Ele mesmo portava esses sentimentos todos. Tinha preguiça de ver tantos dedos teclando, tantos olhos vidrados na tela, tanta conversa sem escuta, tanta exibição de conquistas pelos canais virtuais em busca de afeto e admiração.
Tinha o cansaço da faina diária, oito horas no computador, as preocupações com o dinheiro curto e muito trabalho, os colegas desesperados no banheiro acessando as redes sociais pelo celular.
Tinha medos e pesadelos.
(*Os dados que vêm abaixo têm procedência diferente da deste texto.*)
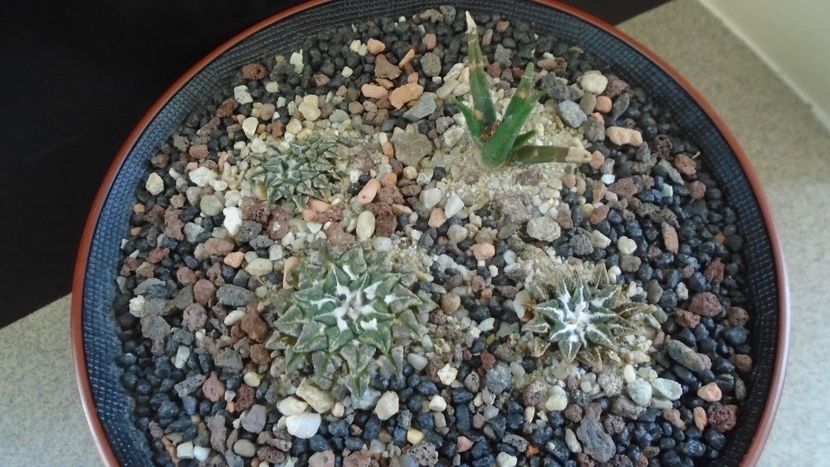 Grup de 4 Ariocarpus - Cactusi 2020 evolutie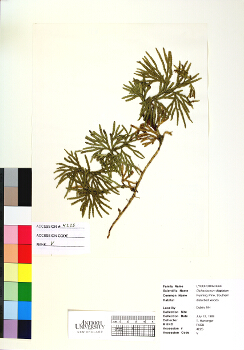 primary herbarium image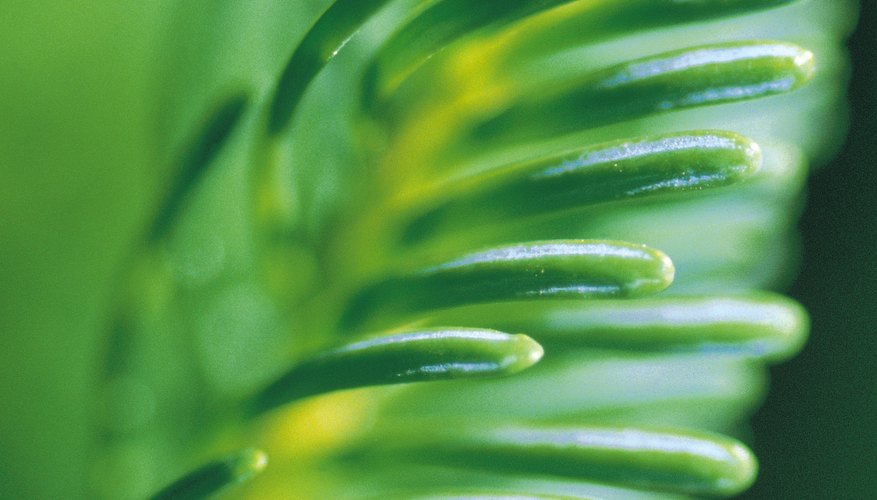 New spruce needles grow only once annually. New spruce needles grow only once annually.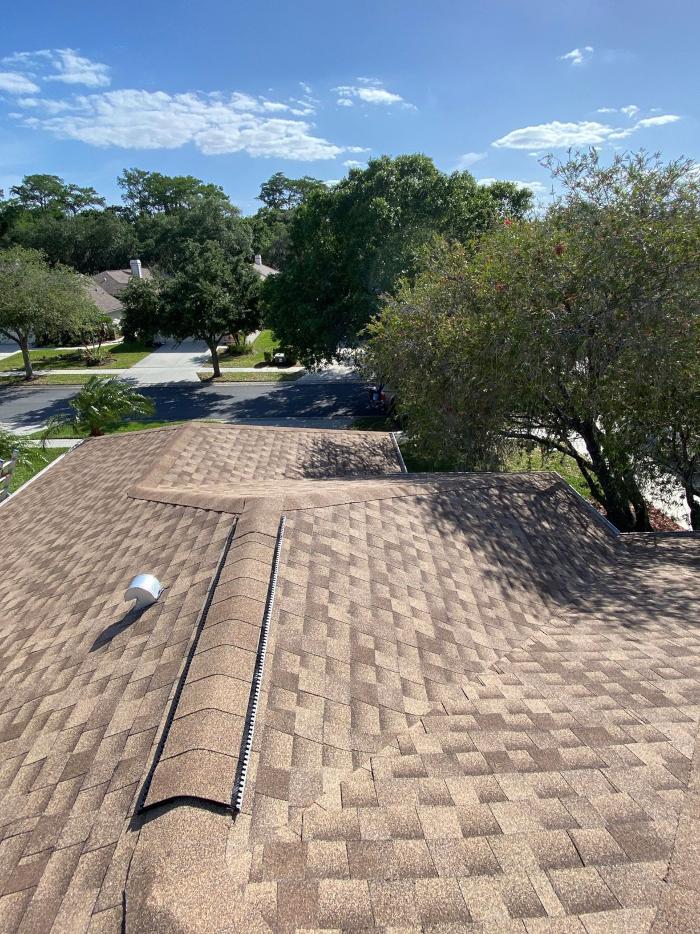 Green Leaf Roofing LLC - Dunedin, FL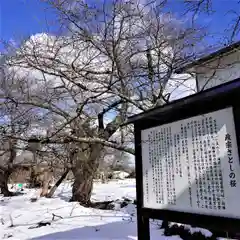 梁川八幡神社の自然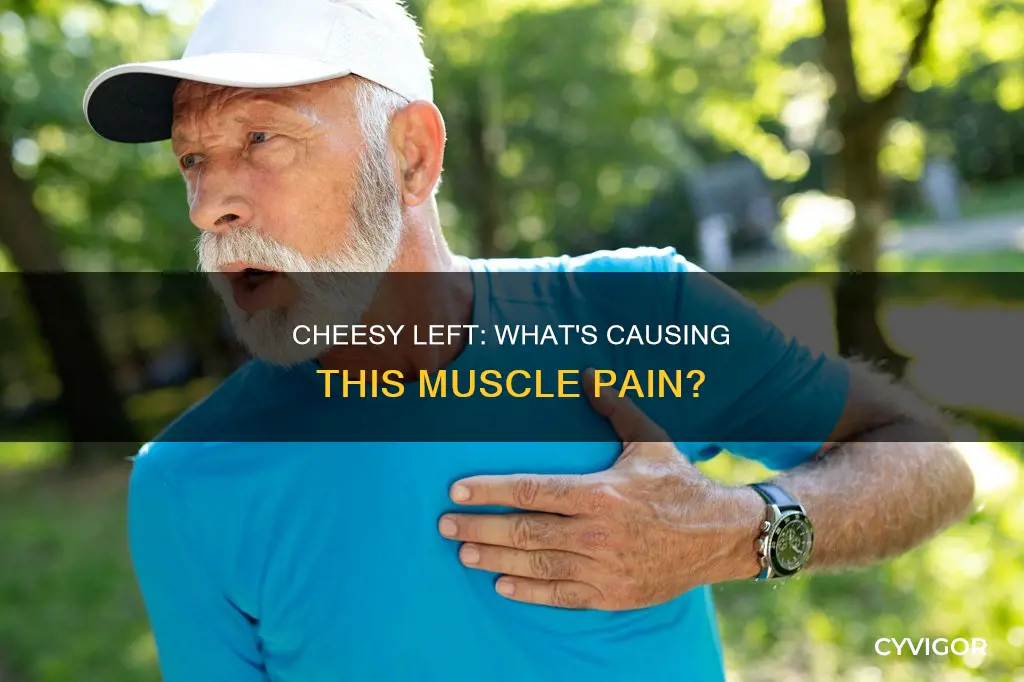 what can cause muscle like pain in theleft cheesy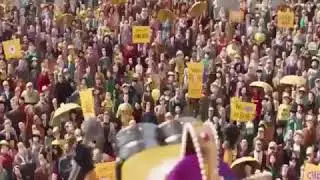 King bob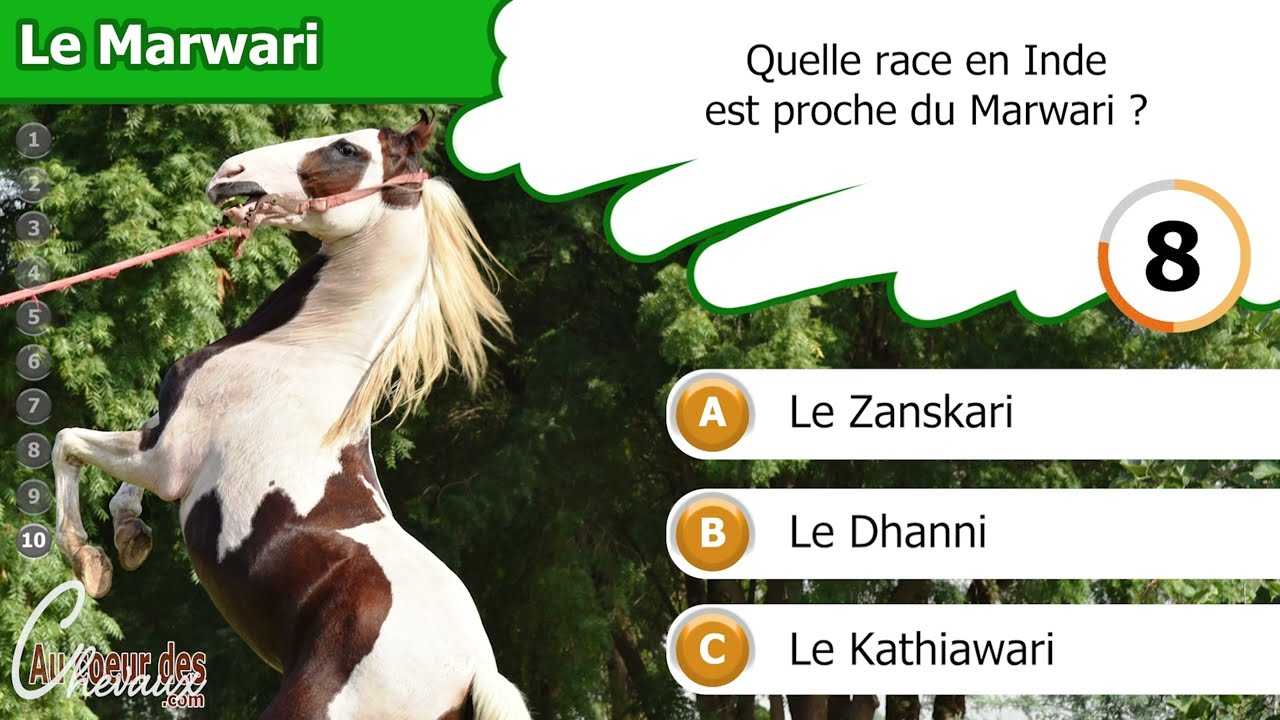 testez vos connaissances équestres avec ce quiz et reconnaissez 10 races de chevaux différentes. amusez-vous tout en apprenant à identifier ces magnifiques animaux !
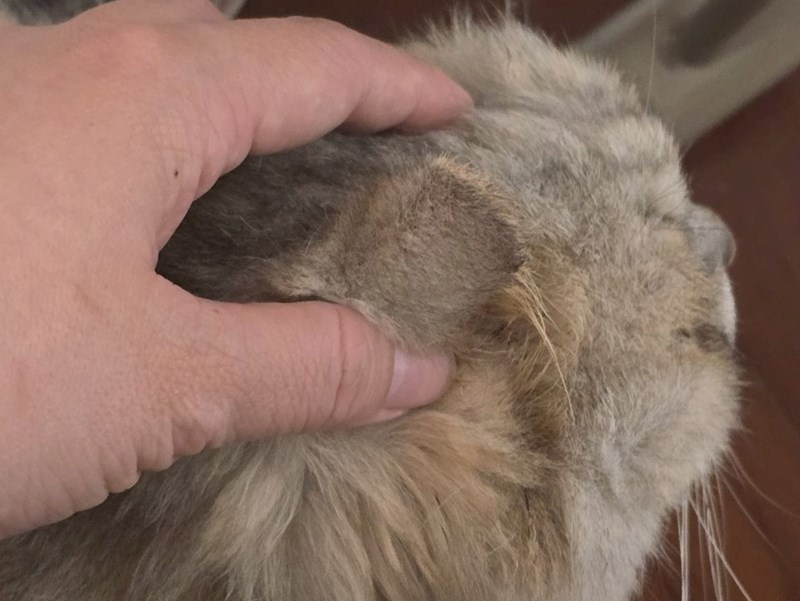 女人知己試用大隊,口碑行銷,部落客行銷,歸毛家族,歸毛家族萌耳液,歸毛家族萌耳靈,Goodmofamily歸毛家族 寵物萌耳保衛組,歸毛家族 萌耳保衛組,萌耳液,萌耳靈,精萃營養霜,耳道營養保護力,平衡耳道內油脂分泌,無抗生素,無類固醇,神經醯胺,歐盟有機認證成分,19種綜合胺基酸,榮獲SNQ國家認證,上萬毛爸媽見證,3週幫助耳道健康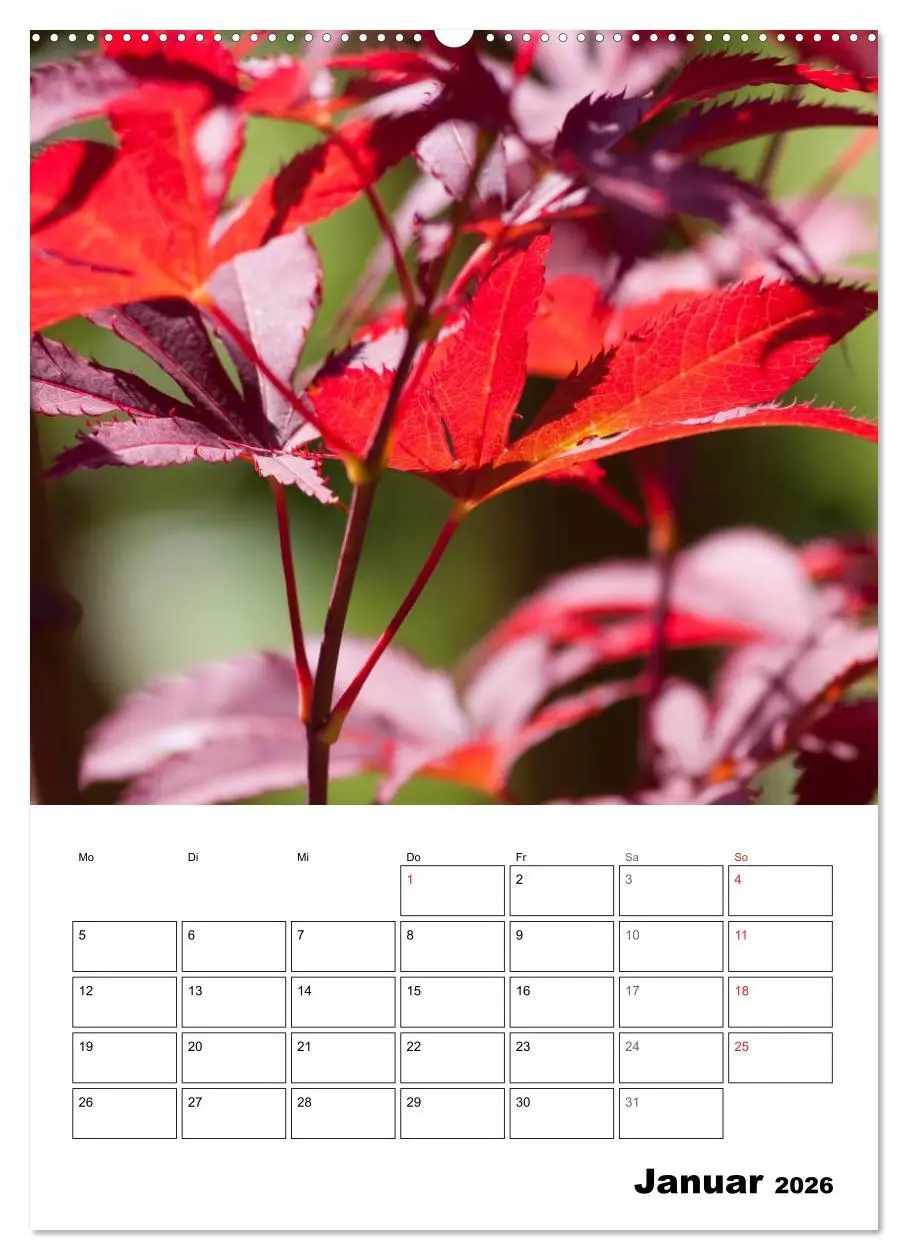 Bild: 9783516426533 | Farben der Natur (Wandkalender 2026 DIN A2 hoch), CALVENDO...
Medo de ser soterrado pelos aparelhos de comunicação, pelos auriculares, teclados, microfones, fibra ótica, telas sensíveis, falantes e curiosas, pelos avisos de compra efetuada naquele momento via cartão de crédito dele, cujos dados desconhecia (da compra e do cartão).
Tinha sonhos de viajar nas férias, de encontrar um novo amor, de pedalar com esse amor e curtir as montanhas, próximo a um lago e uma estação de esqui. No lago haveria patos selvagens mansos, cisnes, botos e as vitórias régias que ele teria importado dos rios amazônicos nas férias do ano anterior.
O homem esperava o trem e tinha a alma silenciosa e feliz de um ser urbano que não vive a vida num smartphone.